### Data for the task
"""
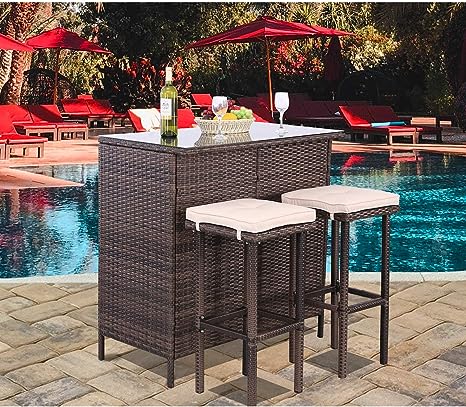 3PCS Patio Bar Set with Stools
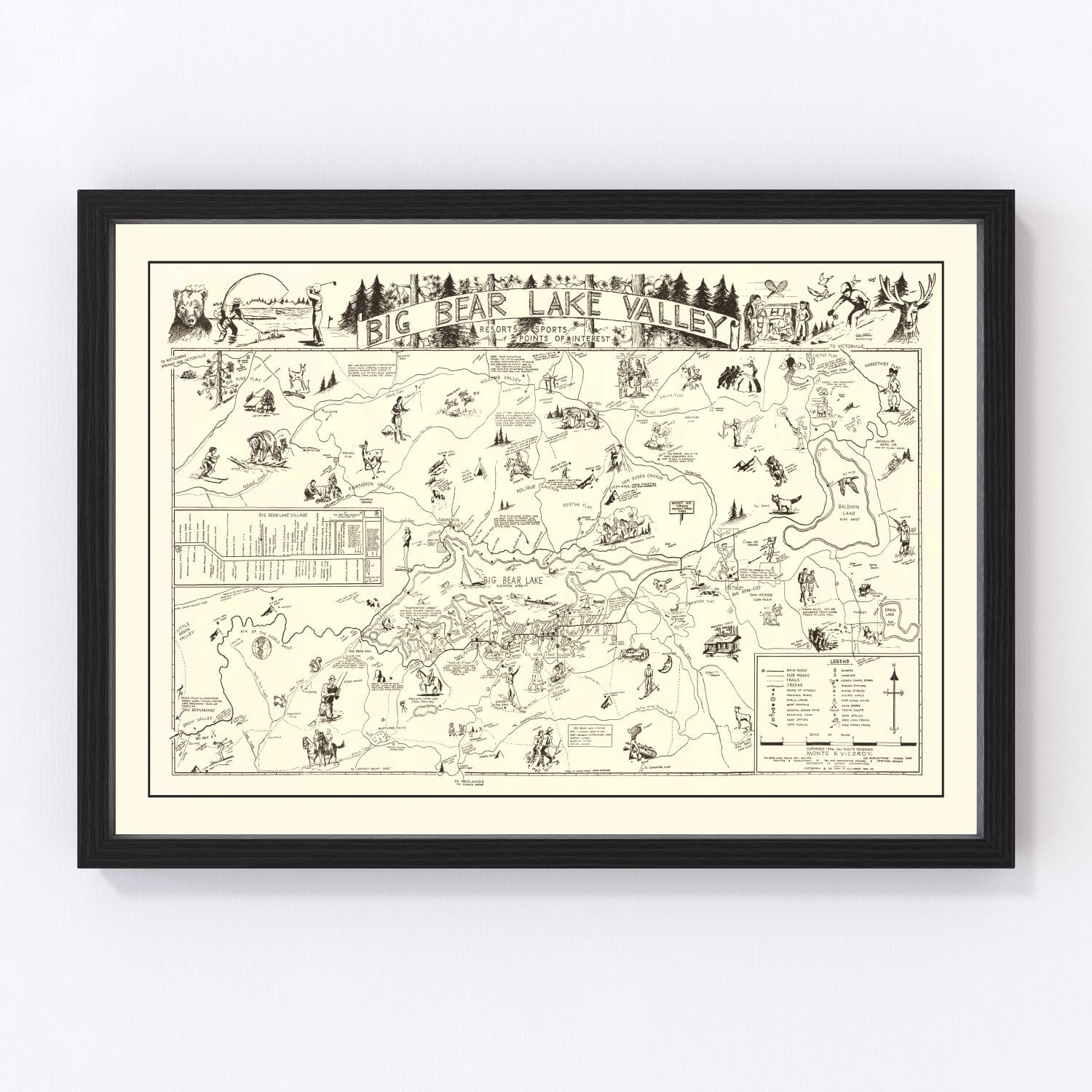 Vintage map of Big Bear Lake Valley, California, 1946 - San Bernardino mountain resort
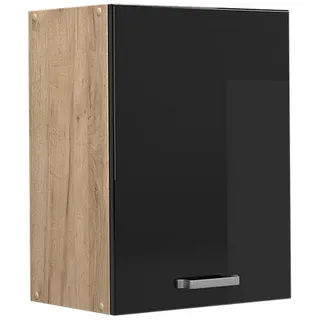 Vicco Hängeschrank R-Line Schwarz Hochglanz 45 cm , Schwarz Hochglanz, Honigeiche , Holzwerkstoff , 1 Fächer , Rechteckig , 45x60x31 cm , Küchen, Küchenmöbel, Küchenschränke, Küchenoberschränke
"""
"""
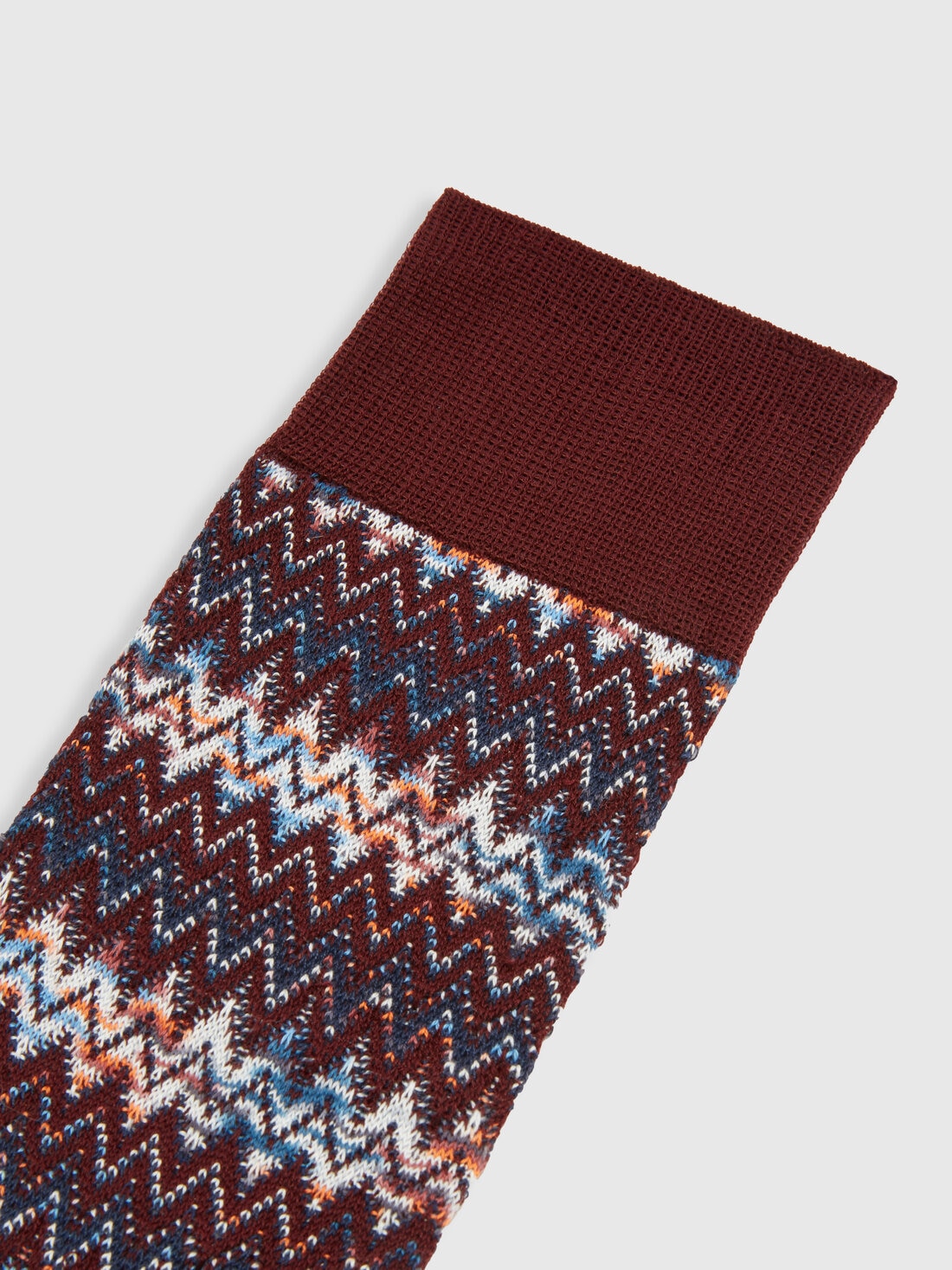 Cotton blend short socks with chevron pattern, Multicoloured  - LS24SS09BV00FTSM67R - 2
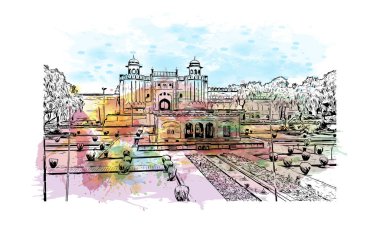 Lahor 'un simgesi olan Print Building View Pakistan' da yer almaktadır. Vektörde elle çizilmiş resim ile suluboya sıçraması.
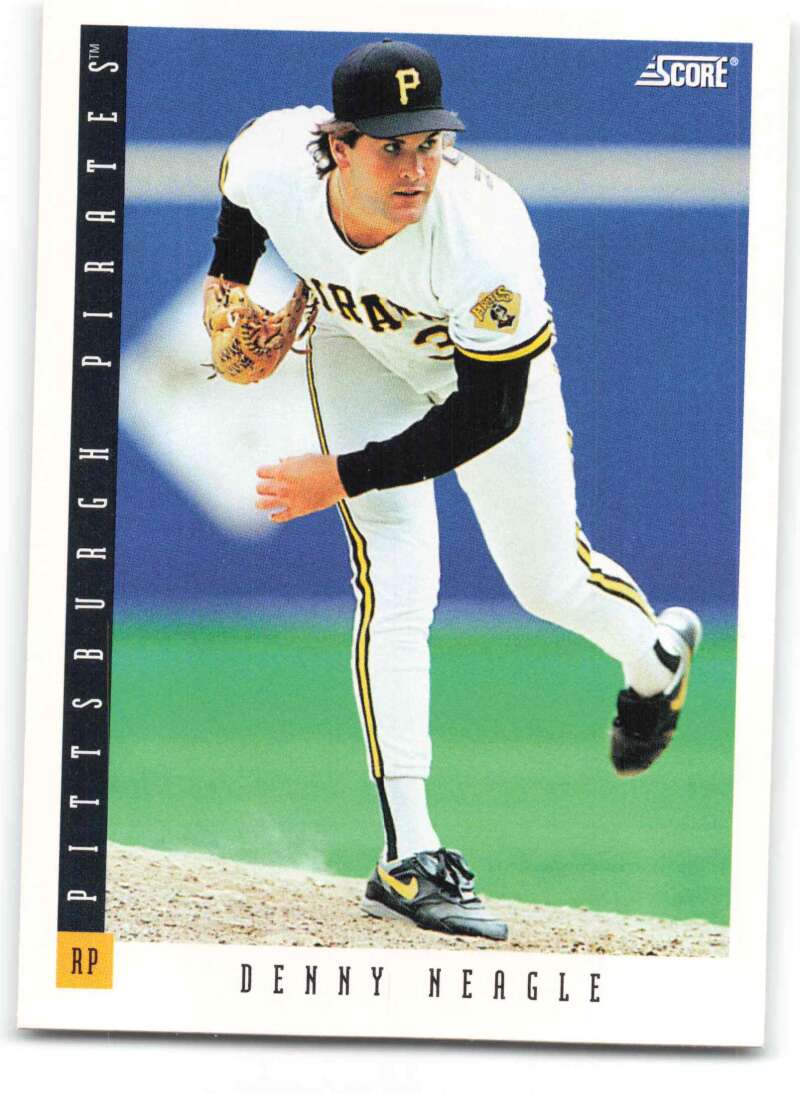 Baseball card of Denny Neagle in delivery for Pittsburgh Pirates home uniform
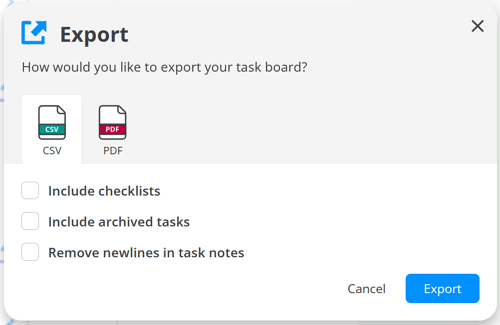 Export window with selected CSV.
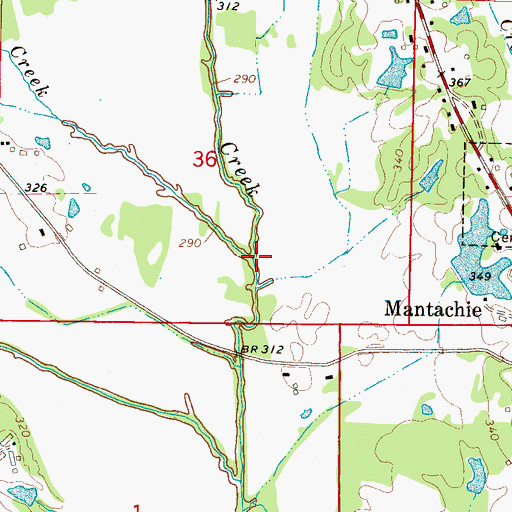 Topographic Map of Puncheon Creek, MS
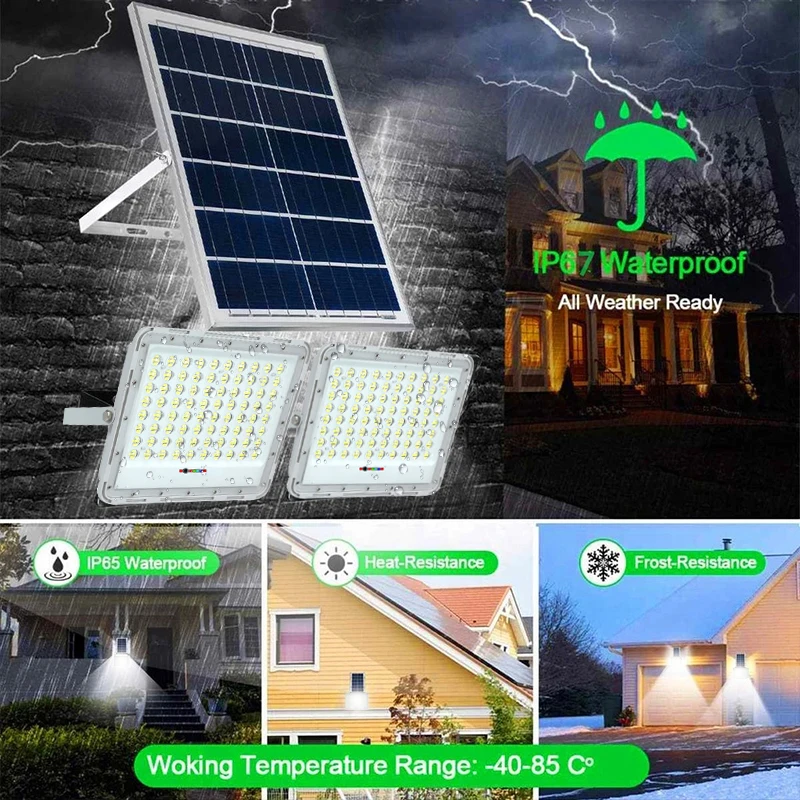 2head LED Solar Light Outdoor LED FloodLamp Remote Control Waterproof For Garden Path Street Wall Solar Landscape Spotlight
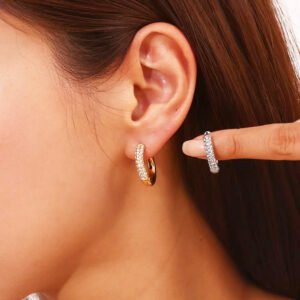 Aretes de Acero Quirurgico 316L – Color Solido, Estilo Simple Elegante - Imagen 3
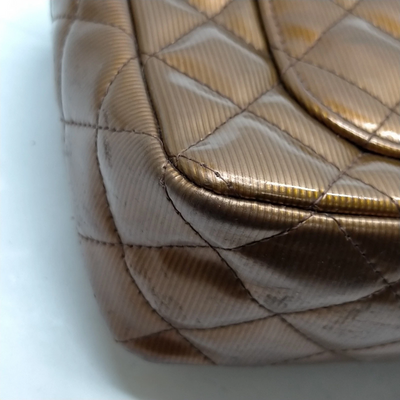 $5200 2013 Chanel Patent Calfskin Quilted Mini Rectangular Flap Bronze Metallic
"""
Leave the pictures out, and transcribe exactly the lines above starting at the one that contains "3PCS Patio Bar Set with Stools" and ending at the one that contains "Vicco Hängeschrank R-Line".

### Worked solution
 3PCS Patio Bar Set with Stools
 Vintage map of Big Bear Lake Valley, California, 1946 - San Bernardino mountain resort
 Vicco Hängeschrank R-Line Schwarz Hochglanz 45 cm , Schwarz Hochglanz, Honigeiche , Holzwerkstoff , 1 Fächer , Rechteckig , 45x60x31 cm , Küchen, Küchenmöbel, Küchenschränke, Küchenoberschränke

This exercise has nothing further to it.